James Brammer Civil War Veteran

James Brammer Interesting War Experiences
Narrow Escape #40
Ironton Register  – August 18, 1887

Submitted by Linda Adkins

We met James Brammer of the firm Brammer Bros., who owns a mill near the mouth of Symmes Creek. The subject of narrow escapes, as appearing in the Register, came up. He said his brother, Frank E. Brammer, member of Battery L., 1st O., was the man who built a fire between McGee and Jones to keep them from freezing to death after their wounds at Cedar Creek. At our request, he gave full particulars of his brother’s part in this action:

Battle of Cedar Creek in Civil War

“After Early’s charge at Cedar Creek, he undertook to save his gun. While harnessing, the infantry was fast getting ground between themselves and the rebels. No regulation method of mounting or starting was observed. Accouterments and other traps were left scattered over the ground. When he got started, there were no other Union boys in sight.

“On reaching the top of a slight hill, he fully saw five armed rebels who halted him. He turned his horse as quick as a flash and started at full gallop. All fired. The quick change of position undoubtedly saved his life as the bullets whistled directly over where they had been. One struck his horse.

“He sprung behind the saddle upon another and galloped toward the re-formed Union lines. The driver of the lead horse to his piece had been shot; he being on the wheel horse, lost all control of the team of six horses hitched to the piece. The animals, frightened by the shots and yells, soon became unmanageable, but he pluckily retained his seat.

“But it was about as dangerous to jump as to stay on the horse, for he would be either shot or captured by the rebels if not killed by the team. A bursting shell made them wheel in a circle beside the rebel line when they poured a deadly volley into them. Bullets whistled in all directions. Five horses in the team were shot. The one that escaped was the near-wheel horse upon which he was riding. The off one fell against his leg, pinning him against the tongue so that he could not escape. A piece of shell struck the horse upon which he was seated on the neck.

“Although it had received a death wound, it reared and plunged fearfully, allowing him to free himself from his perilous position. In the struggle, the strong tongue of the calason (?) was broken in two. He sprang up and ran for the Union ranks amid a storm of shots. He could see no one belonging to his battery, so he, regaining the lines, joined another battery and re-entered the fight raging fiercely on all sides. After the battle, the result of which is known to all, he proceeded to hunt up his boys, who had given him up for dead.
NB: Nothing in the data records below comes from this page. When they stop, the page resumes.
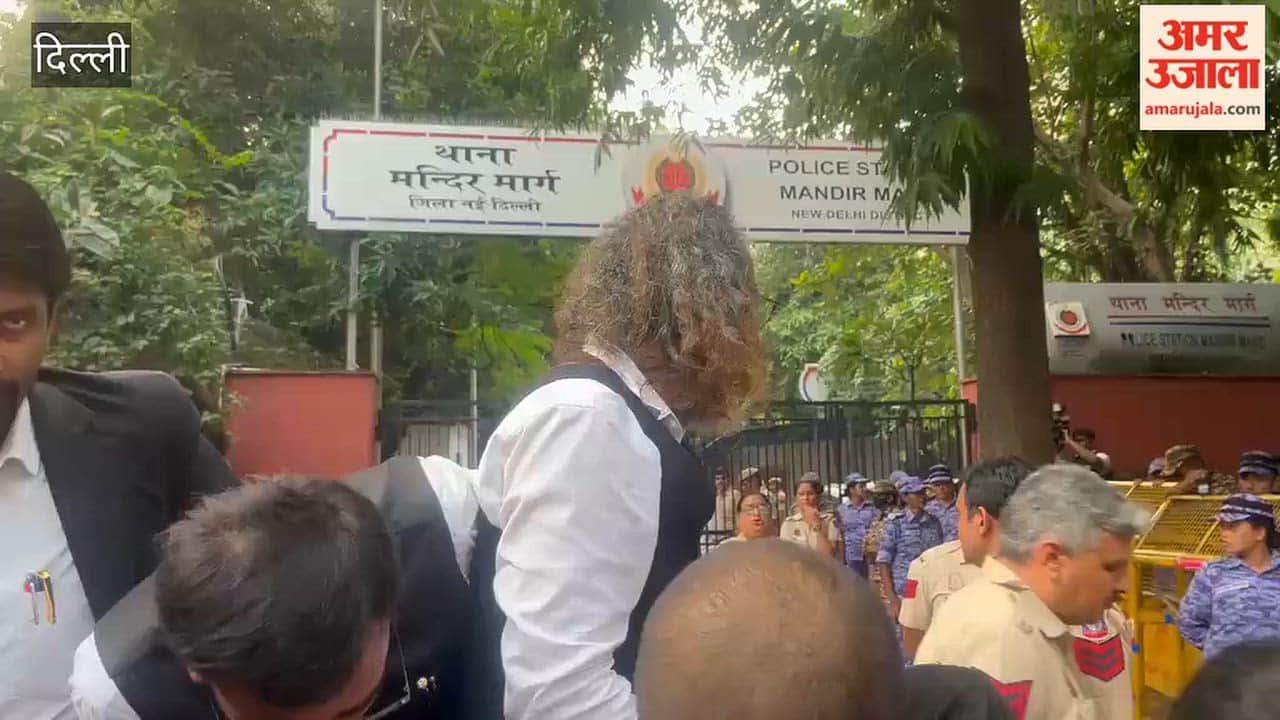 Lawyers arriving to represent protesters at Mandir Thana Road were initially stopped
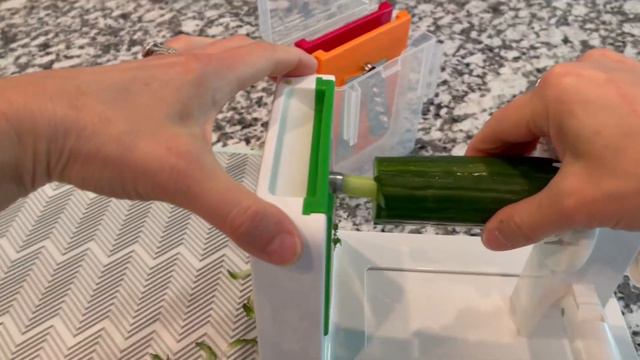 OXO Good Grips 3 Blade Tabletop Spiralizer with StrongHold Suction Review смотреть онлайн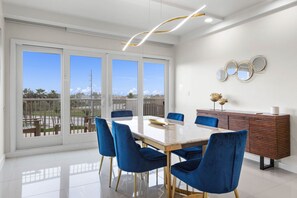 Dining - Beachfront Luxury Renewed Condo (South Padre Island)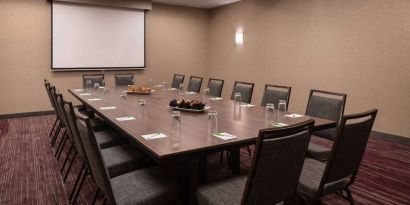 Professional meeting room at Sonesta Select Phoenix Camelback.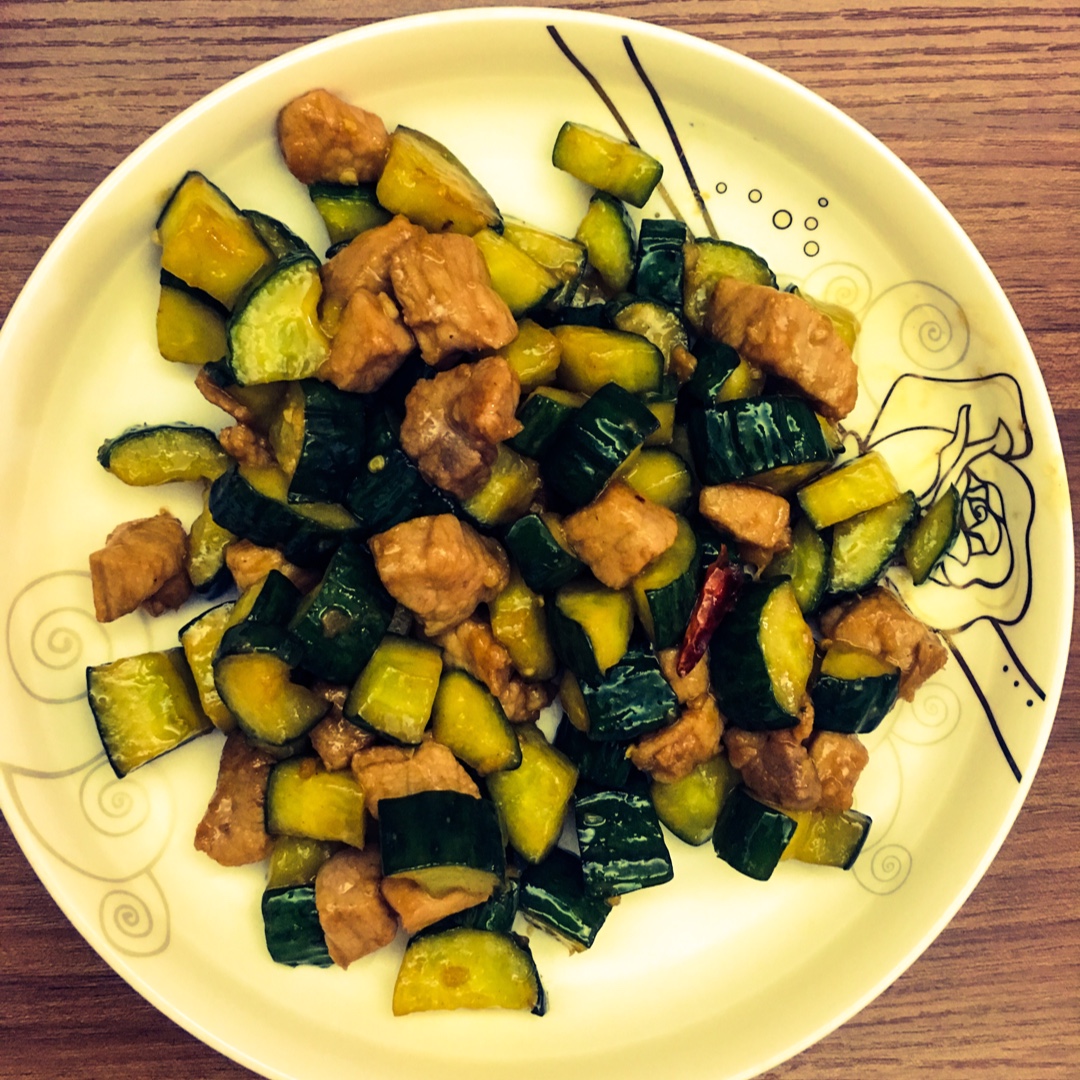 炒黄瓜肉丁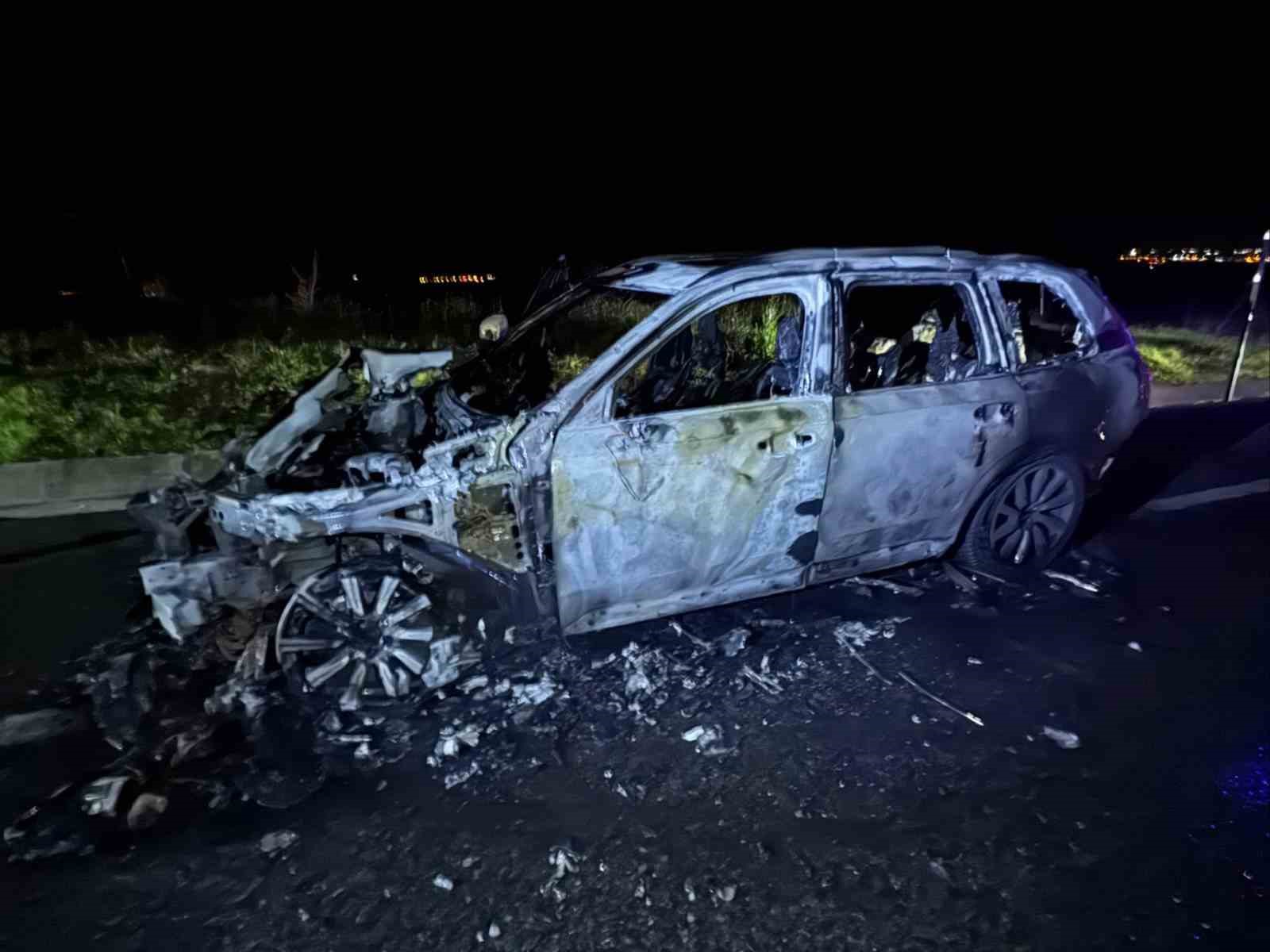 Kaputundan duman çıkan jip alevlere teslim oldu 4 kaputundan duman cikan jip alevlere teslim oldu 0 a7ONfXfb
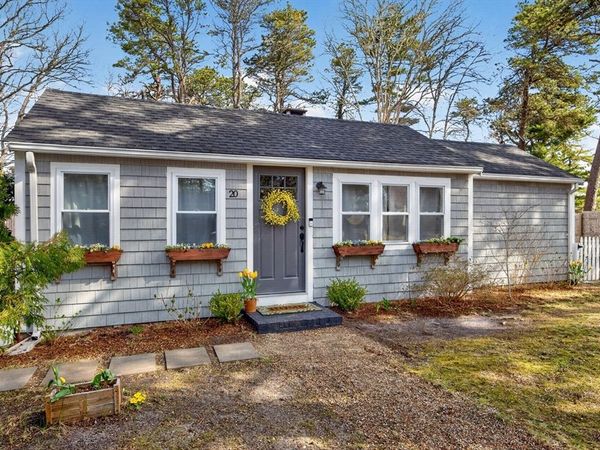20 Indian Mound Trl, Dennis, MA 02639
“You remember,” said his brother, “the narrow escapes of Jones and McGee spoke of at length in the Register some time ago? Both had had a leg taken off by a cannon shot in this fight. My brother found them and built a fire between them to keep them from freezing to death. One incident made him feel worse than anything happening during the whole day. He took an axe and started to get wood. Seeing what was supposed to be a log of wood, he raised his axe and put his foot on the supposed log, as one naturally would in chopping. Imagine his horror of finding it a human body, stark and stiff in death.

“During the night, Jones, suffering terribly, kept up noise by groaning. To ease him, Brammer went to the surgeon for medicine. ‘Give him this,’ said he, handing him a bottle, and he’ll not bother you anymore tonight.’ I took the bottle, but before giving it to him, I held it before the light of our fire and found it was laudanum. Verily, had he administered the required dose, he would have had no further trouble from poor Jones.

“One more about this battle,” said Mr. Brammer, “and I will close. A few nights before the battle, my brother had a very strange dream in which he saw the fight scene and went through the whole battle. So accurate was his vision of the place that on reaching it, a place he had never seen before, he told his companions they would fight there and get a terrible whipping, and in the language of Chatham, ‘so it proved.”

Mr. Brammer was sorry we could not see Frank, as he would have given us a much better description.